From mboxrd@z Thu Jan  1 00:00:00 1970
Return-Path: <linux-kernel-owner@vger.kernel.org>
Received: (majordomo@vger.kernel.org) by vger.kernel.org via listexpand
	id S1754854AbcAVU70 (ORCPT <rfc822;w@1wt.eu>);
	Fri, 22 Jan 2016 15:59:26 -0500
Received: from youngberry.canonical.com ([91.189.89.112]:35144 "EHLO
	youngberry.canonical.com" rhost-flags-OK-OK-OK-OK) by vger.kernel.org
	with ESMTP id S1751431AbcAVU7W (ORCPT
	<rfc822;linux-kernel@vger.kernel.org>);
	Fri, 22 Jan 2016 15:59:22 -0500
From: Jay Vosburgh <jay.vosburgh@canonical.com>
To: Jarod Wilson <jarod@redhat.com>
cc: linux-kernel@vger.kernel.org, "David S. Miller" <davem@davemloft.net>,
        Eric Dumazet <edumazet@google.com>, Jiri Pirko <jiri@mellanox.com>,
        Daniel Borkmann <daniel@iogearbox.net>,
        Tom Herbert <tom@herbertland.com>,
        Veaceslav Falico <vfalico@gmail.com>,
        Andy Gospodarek <gospo@cumulusnetworks.com>, netdev@vger.kernel.org
Subject: Re: [RFC PATCH net] net/core: don't increment rx_dropped on inactive slaves
In-reply-to: <1453489882-57948-1-git-send-email-jarod@redhat.com>
References: <1453489882-57948-1-git-send-email-jarod@redhat.com>
Comments: In-reply-to Jarod Wilson <jarod@redhat.com>
   message dated "Fri, 22 Jan 2016 14:11:22 -0500."
X-Mailer: MH-E 8.5+bzr; nmh 1.5; GNU Emacs 25.0.50
Date: Fri, 22 Jan 2016 12:59:12 -0800
Message-ID: <14563.1453496352@famine>
Sender: linux-kernel-owner@vger.kernel.org
List-ID: <linux-kernel.vger.kernel.org>
X-Mailing-List: linux-kernel@vger.kernel.org

Jarod Wilson <jarod@redhat.com> wrote:

>The network core tries to keep track of dropped packets, but some packets
>you wouldn't really call dropped, so much as intentionally ignored, under
>certain circumstances.
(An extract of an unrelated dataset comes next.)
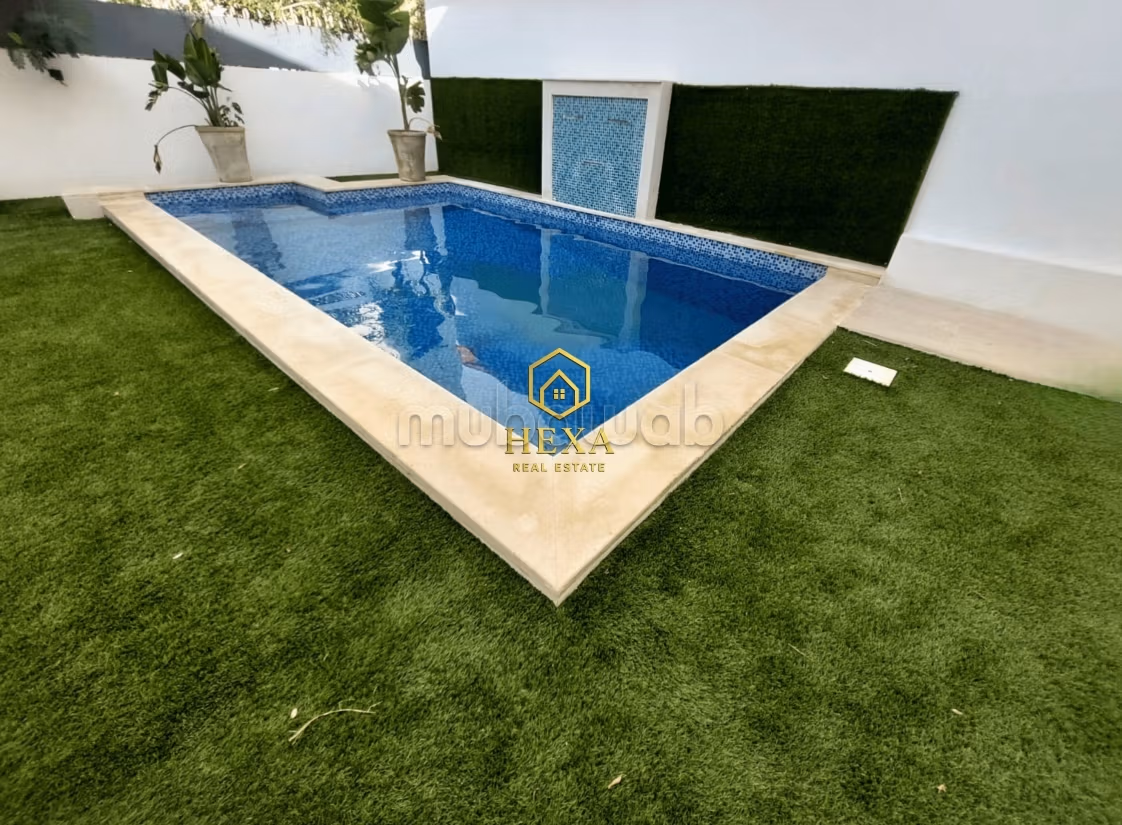 Modern S4 villa with pool at Lac2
One such case is that of bonding and team device
>slaves that are currently inactive. Their respective rx_handler functions
>return RX_HANDLER_EXACT (the only places in the kernel that return that),
>which ends up tracking into the network core's __netif_receive_skb_core()
>function's drop path, with no pt_prev set. On a noisy network, this can
>result in a very rapidly incrementing rx_dropped counter, not only on the
>inactive slave(s), but also on the master device, such as the following:
[...]
>In this scenario, p5p1, p5p2 and p7p1 are all inactive slaves in an
>active-backup bond0, and you can see that all three have high drop counts,
>with the master bond0 showing a tally of all three.
>
>I know that this was previously discussed some here:
>
>    http://www.spinics.net/lists/netdev/msg226341.html
>
>It seems additional counters never came to fruition, but honestly, for
>this particular case, I'm not even sure they're warranted, I'd be inclined
>to say just silently drop these packets without incrementing a counter. At
>least, that's probably what would make someone who has complained loudly
>about this issue happy, as they have monitoring tools that are squaking
>loudly at any increments to rx_dropped.

	I don't think the kernel should silently drop packets; there
should be a counter somewhere.  If a packet is being thrown away
deliberately, it should not just vanish into the screaming void of
space.  Someday someone will try and track down where that packet is
being dropped.

	I've had that same conversation with customers who insist on
accounting for every packet drop (from the "any drop is an error"
mindset), so I understand the issue.

	Thinking about the prior discussion, the rx_drop_inactive is
still a good idea, but I'd actually today get good use from a
"rx_drop_unforwardable" (or an equivalent but shorter name) counter that
counts every time a packet is dropped due to is_skb_forwardable()
returning false.  __dev_forward_skb does this (and hits rx_dropped), as
does the bridge (and does not count it).

	-J

>CC: "David S. Miller" <davem@davemloft.net>
>CC: Eric Dumazet <edumazet@google.com>
>CC: Jiri Pirko <jiri@mellanox.com>
>CC: Daniel Borkmann <daniel@iogearbox.net>
>CC: Tom Herbert <tom@herbertland.com>
>CC: Jay Vosburgh <j.vosburgh@gmail.com>
>CC: Veaceslav Falico <vfalico@gmail.com>
>CC: Andy Gospodarek <gospo@cumulusnetworks.com>
>CC: netdev@vger.kernel.org
>Signed-off-by: Jarod Wilson <jarod@redhat.com>
>---
> net/core/dev.c | 3 +++
> 1 file changed, 3 insertions(+)
>
>diff --git a/net/core/dev.c b/net/core/dev.c
>index 8cba3d8..1354c7b 100644
>--- a/net/core/dev.c
>+++ b/net/core/dev.c
>@@ -4153,8 +4153,11 @@ ncls:
> 		else
> 			ret = pt_prev->func(skb, skb->dev, pt_prev, orig_dev);
> 	} else {
>+		if (deliver_exact)
>+			goto inactive; /* bond or team inactive slave */
> drop:
> 		atomic_long_inc(&skb->dev->rx_dropped);
>+inactive:
> 		kfree_skb(skb);
> 		/* Jamal, now you will not able to escape explaining
> 		 * me how you were going to use this. :-)
>-- 
>1.8.3.1
>

---
	-Jay Vosburgh, jay.vosburgh@canonical.com